Bernardo F. Ronquillo said...

Bunye picked up this survey to conclude that since the people is now wary of people power it means they want Gloria to stay in Malacanang.

This observation bounces back to Bunye because did he not also say that people should not believe surveys? But of course, Bunye only believes survey results from which they can concoct a positive spin, however remote.

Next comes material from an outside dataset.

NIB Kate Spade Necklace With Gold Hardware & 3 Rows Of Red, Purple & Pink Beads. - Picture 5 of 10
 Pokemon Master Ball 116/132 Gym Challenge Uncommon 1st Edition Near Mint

It is actually a waiting game between the soldiers, exemplified by the Magdalo group, and the people, exemplified by the people who came out spontaneously during EDSA-1. The soldiers tell the people: "KAYO MUNA!" And the people say: "KAYO MUNA!" In this waiting game, Gloria wins and stays even beyond 2010.

baycas said...

journalism to a researcher of public opinion
gathers only controversial and news-worthy information;
stir the hearts and minds of men they must
as their numbers they want media to broadcast.

Rizalist said...

MLQ3--Great analogy to the American Revolution. But there is a way of looking at people power most want to ignore. Why don't we just accept that ALL REVOLUTIONS are in fact led and primarily carried out by ELITES -- whether economic, political or ideological. In other words, my quarrel with PEOPLE POWER as modern urban legend is that it is anti-elitist in the way communists idealize a revolution. But even the Philippine revolution of 1896 was carried out by an ilustrado elite. Even America upheld the legality of slavery for centuries on behalf of the elite that declared:"all men are created equal"--the same men who gave imperialism its first shove into the grave and started the global nationalist revolution we are still fighting today.

Now in analysing the various minorities and elites that lead "revolutions" it just so happens that some of those were not patriots but coup plotters and putschists.

To your point MLQ3--I wonder which the Magdalo are TODAY after 3 years in jail to think things over. Are they more like the NPA or the bloggers?

I'm curious too.

WELCOME BAYCAS, first time to have another rhymist here...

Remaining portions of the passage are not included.